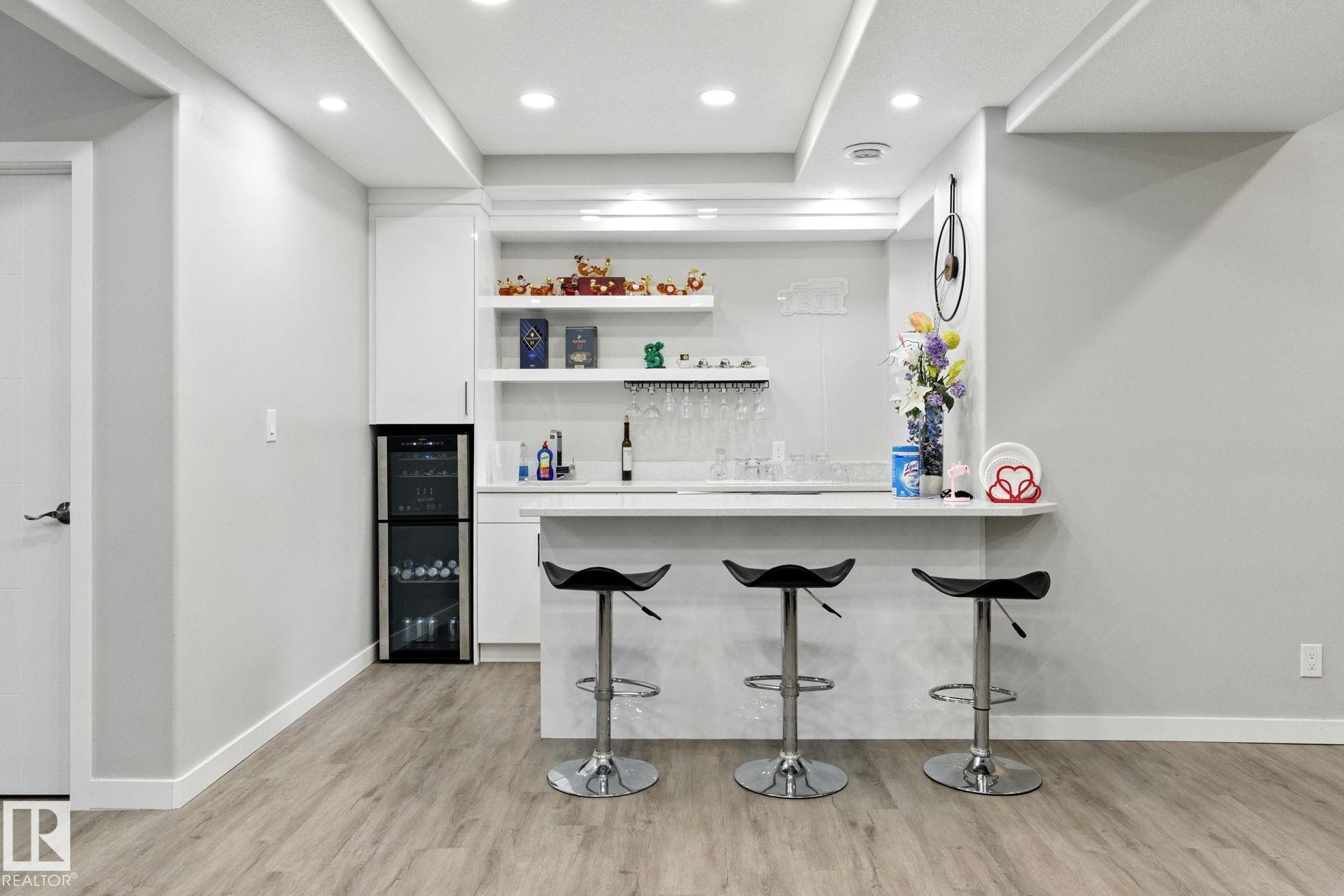 https://zimg.paragon.ice.com/ParagonImages/Property/PM/RAE/225398442/32/0/0/787634811e4900703eede795b10c4ed2/1/7eb10eddc7c9606716392f473a3815a8/225398442-AF1E0C44-74A0-49A3-8B74-6DAE02C772DC.JPG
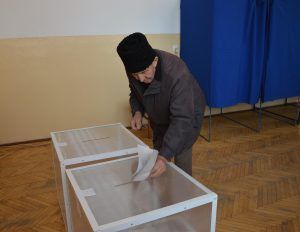 FOTO: Bătrânii, lecție pentru tineri în ziua alegerilor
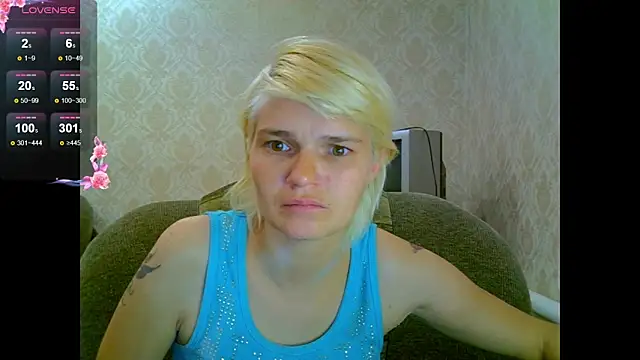 Snapshot of SaraSnow_ chatting on 11-07-25, 05:57 SaraSnow online show from 11-07-25, 05:57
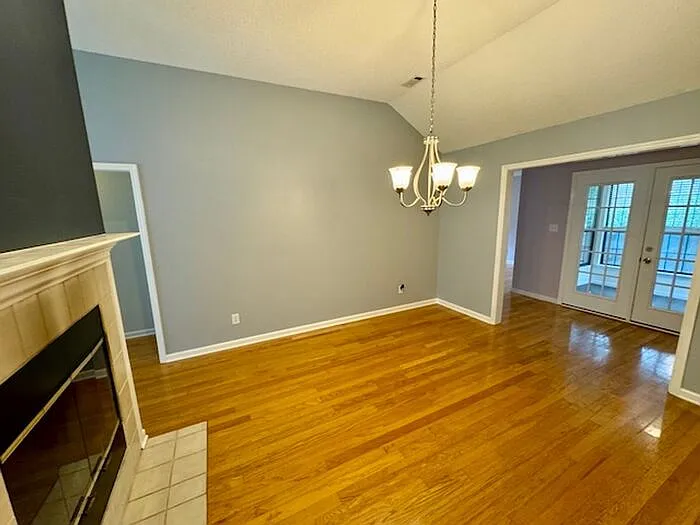 129 Telluride Dr — Photo 8
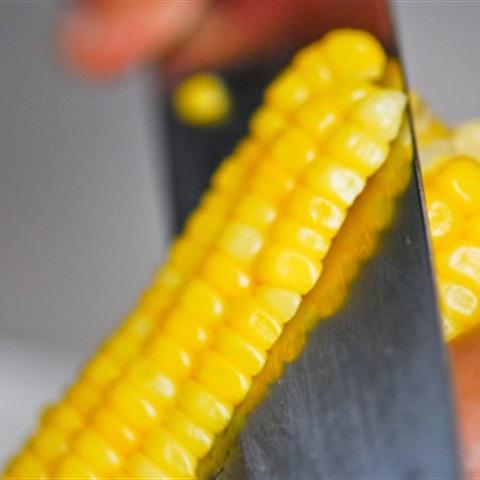 Cách làm bắp chiên dừa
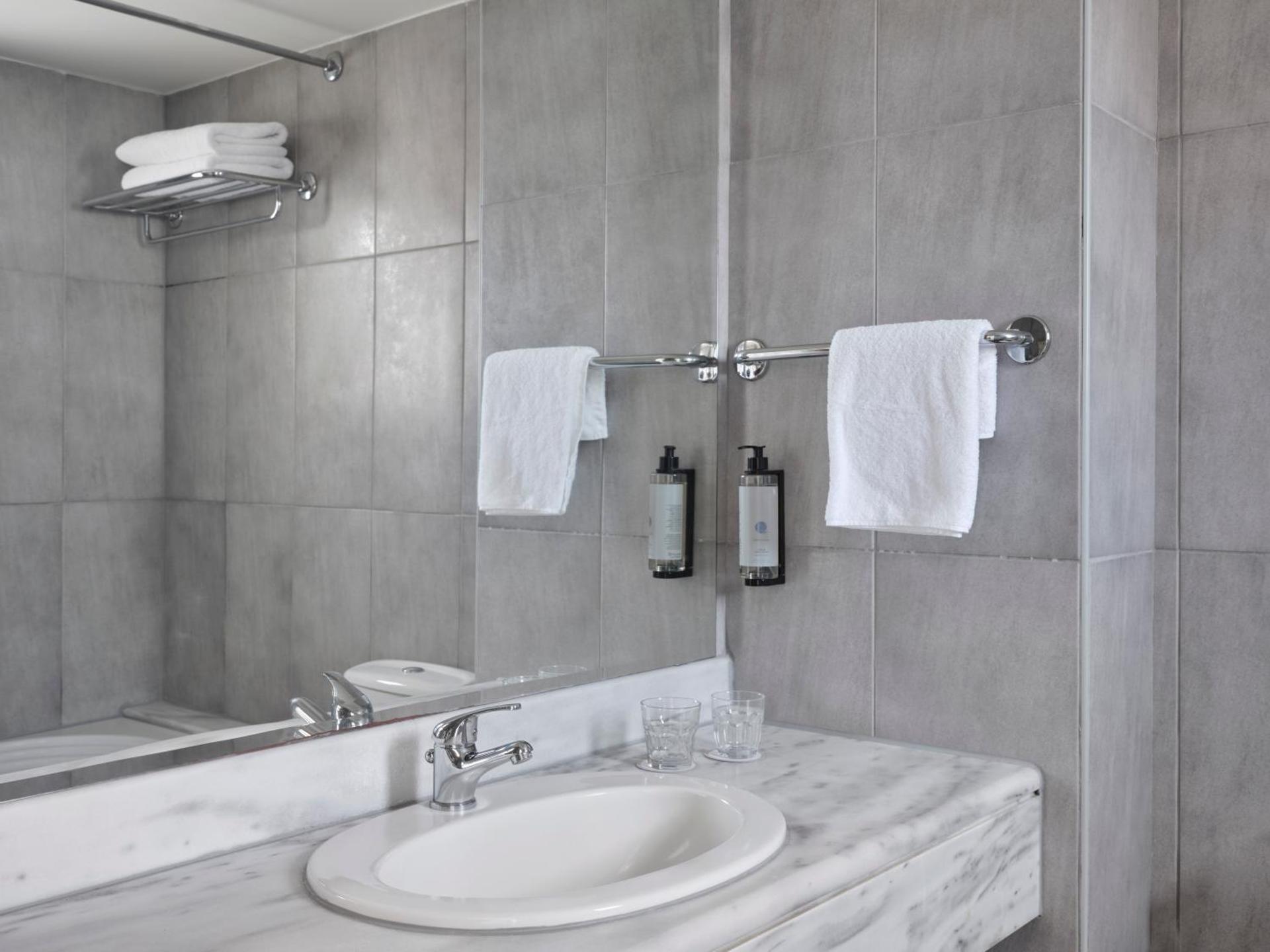 Atlantica Mikri Poli Rhodes - Photo 6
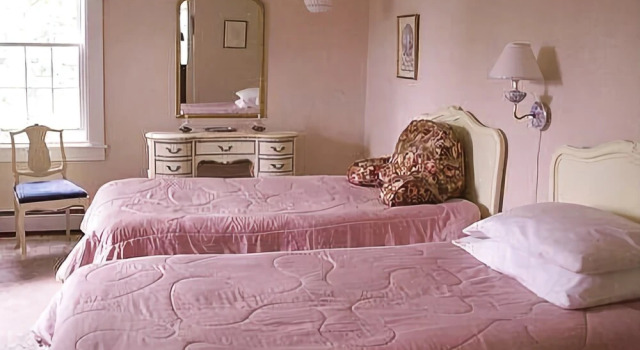 Center Harbor House - Four Bedroom Home, Забронировать Отель Отели Мэна с парковкой, Парковка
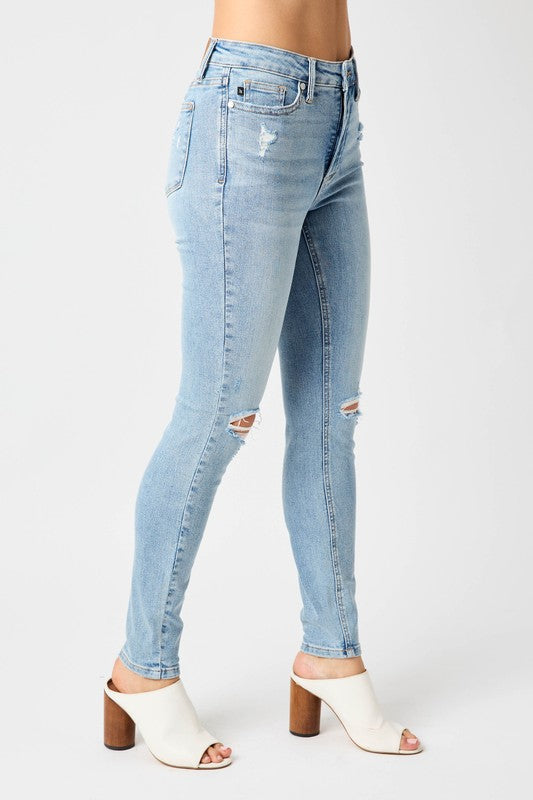 Judy Blue, Tummy Control, Distressed Jeans -Plus Size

-- -- --

:: WHAT YOU SHOULD DO ::
Print exactly the lines from the line with "Cách làm bắp chiên dừa" through the end of the data, both ends included, and print no pictures.

:: TASK OUTPUT ::
 Cách làm bắp chiên dừa
 Atlantica Mikri Poli Rhodes - Photo 6
 Center Harbor House - Four Bedroom Home, Забронировать Отель Отели Мэна с парковкой, Парковка
 Judy Blue, Tummy Control, Distressed Jeans -Plus Size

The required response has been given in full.